Debt Burden Ratio commonly known as DBR is a term which is massively used in banking industry. Bangladesh Bank has also instructed all the commercial banks to maintain specific DBR for consumer financing. But, not only the customers but also the bankers sometimes fall into trouble understanding this basic concept of lending. This post will help you to understand the basic principle of Debt Burden Ratio and to calculate your own DBR. So that you do not fall into the spiral of debt.

What is Debt Burden Ratio ?
Debt Burden Ratio is a mathematical ratio which banks consider while deciding an applicant whether is eligible for loan or not. Though all the banks has specific rule of lending but there are some invariable factors which all the banks follows e.g. Debt Burden Ratio.
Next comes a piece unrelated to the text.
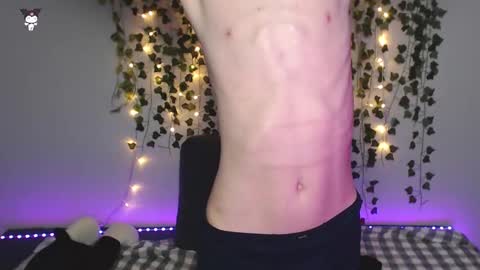 slutkai online show from 11.14.25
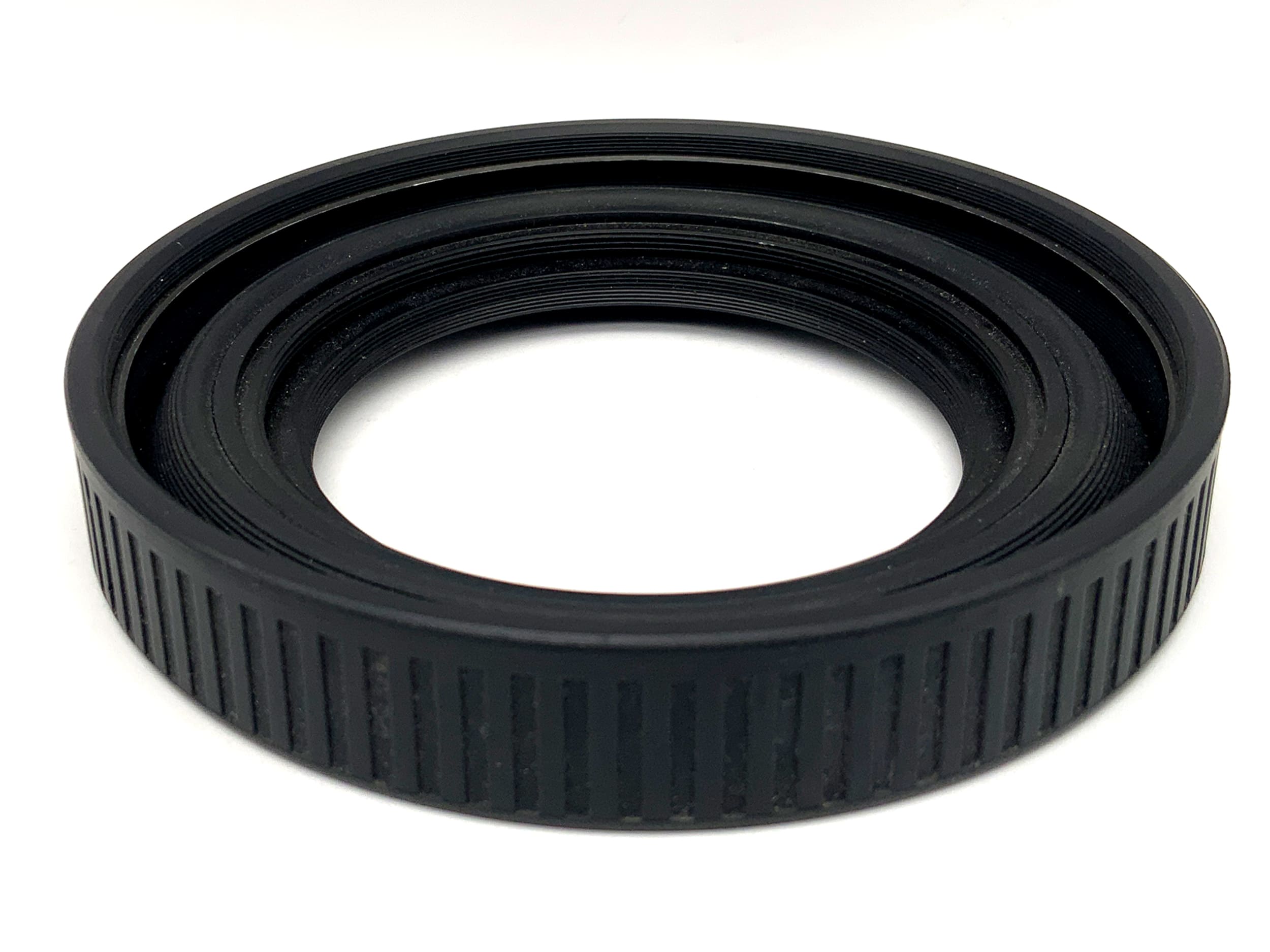 Canon SC-67 Gegenlichtblende Gummi Rubber lenshood Sonnenblende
How to calculate Debt Burden Ratio ?
The formula for calculating debt burden ratio is
Debt Burden Ratio= Total Debts/ Total Assets
To understand this consider this example. Let’s say you have a monthly income of Tk. 20000 and you have EMIs of Tk. 2000, Personal Loan installment of Tk. 3000 and Rental Expenditure Tk. 5000. So, your DBR will be
DBR= 10000/20000 X 100= 50%
You can also use the online calculator of DBR.
As per Bangladesh Bank’s instruction DBR must be less then 33%. The lesser the DBR rate the higher the possibility your application will be considered. To have a lesser DBR rate you may consider the following tips:-
  • Pay your monthly interest of Credit cards on time.
  • Increase your income.
  • Pay off your existing loans as soon as possible.
Debt Burden Ratio not only helps the banks to control over the lending but also ensures that the lenders do not go for lending beyond their capacity where they cannot pay off their debts. Remember your DBR is the reflection of your percentage of debt.